The description we have is bilateral foot nail avulsion. Notes seem to indicate big toe, and 2nd digit. if they're the same foot, then I'm thinking 11730 and 11732, but if it's big toe on one foot, and 2nd digit on the other foot, do we use the same codes, or use 11730-50?   Any help would be appreciated.




John Methgen, CPC-A


----------



## kivbar16 (Mar 18, 2016)

The 50 modifier would never be appropriate; you should always use the -T modifiers for the toes.  In addition, use 11730 - T_ for the first toe and 11732 - T_ for each additional toe.  You need to read the actual description of the codes.  11732 is for each add'l toe; nothing of laterality is mentioned.


----------



## JAMETH345 (Mar 18, 2016)

Thank you for the response.   I didn't think the 50 modifier would be correct, but I wanted some confirmation.   Again, thank you.

John Methgen, CPC-A


----------



## HOFPG (Nov 3, 2017)

*modifier needed for each additional toe*

would a modifier be required for each additional toe?


----------



## CodingKing (Nov 3, 2017)

HOFPG said:


> would a modifier be required for each additional toe?
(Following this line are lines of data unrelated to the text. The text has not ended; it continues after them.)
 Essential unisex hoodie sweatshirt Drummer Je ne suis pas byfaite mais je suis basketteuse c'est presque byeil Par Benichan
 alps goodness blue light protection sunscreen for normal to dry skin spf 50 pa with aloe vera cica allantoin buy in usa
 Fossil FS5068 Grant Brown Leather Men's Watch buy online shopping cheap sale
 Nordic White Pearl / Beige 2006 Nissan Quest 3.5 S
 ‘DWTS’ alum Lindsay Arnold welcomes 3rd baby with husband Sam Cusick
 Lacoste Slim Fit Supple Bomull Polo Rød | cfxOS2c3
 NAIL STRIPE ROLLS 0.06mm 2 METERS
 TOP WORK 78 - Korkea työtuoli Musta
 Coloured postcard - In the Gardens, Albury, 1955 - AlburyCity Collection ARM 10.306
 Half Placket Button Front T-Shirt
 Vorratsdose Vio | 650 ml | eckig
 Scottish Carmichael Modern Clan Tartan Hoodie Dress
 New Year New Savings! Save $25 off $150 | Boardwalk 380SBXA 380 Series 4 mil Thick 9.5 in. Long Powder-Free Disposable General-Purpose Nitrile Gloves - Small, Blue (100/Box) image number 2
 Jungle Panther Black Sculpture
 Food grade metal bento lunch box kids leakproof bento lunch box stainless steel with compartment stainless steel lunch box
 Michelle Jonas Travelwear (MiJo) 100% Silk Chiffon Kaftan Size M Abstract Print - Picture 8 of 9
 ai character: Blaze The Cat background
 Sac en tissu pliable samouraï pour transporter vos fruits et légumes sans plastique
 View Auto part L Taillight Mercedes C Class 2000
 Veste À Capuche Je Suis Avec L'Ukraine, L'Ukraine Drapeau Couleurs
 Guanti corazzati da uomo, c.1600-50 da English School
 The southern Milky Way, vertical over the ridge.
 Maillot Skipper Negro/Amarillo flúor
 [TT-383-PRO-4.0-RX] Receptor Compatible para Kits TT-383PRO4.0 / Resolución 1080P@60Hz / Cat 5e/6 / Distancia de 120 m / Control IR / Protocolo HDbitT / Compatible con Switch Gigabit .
I don't think so. the each additional code allows up to 9 units for the remaining 9 toes.


----------



## HOFPG (Nov 3, 2017)

thank you


----------



## espressoguy (Nov 3, 2017)

Back in the day when I used to code podiatry (3 months ago), I listed each 11732 on a separate line with the appropriate toe modifier. I never used quantity on one line.


----------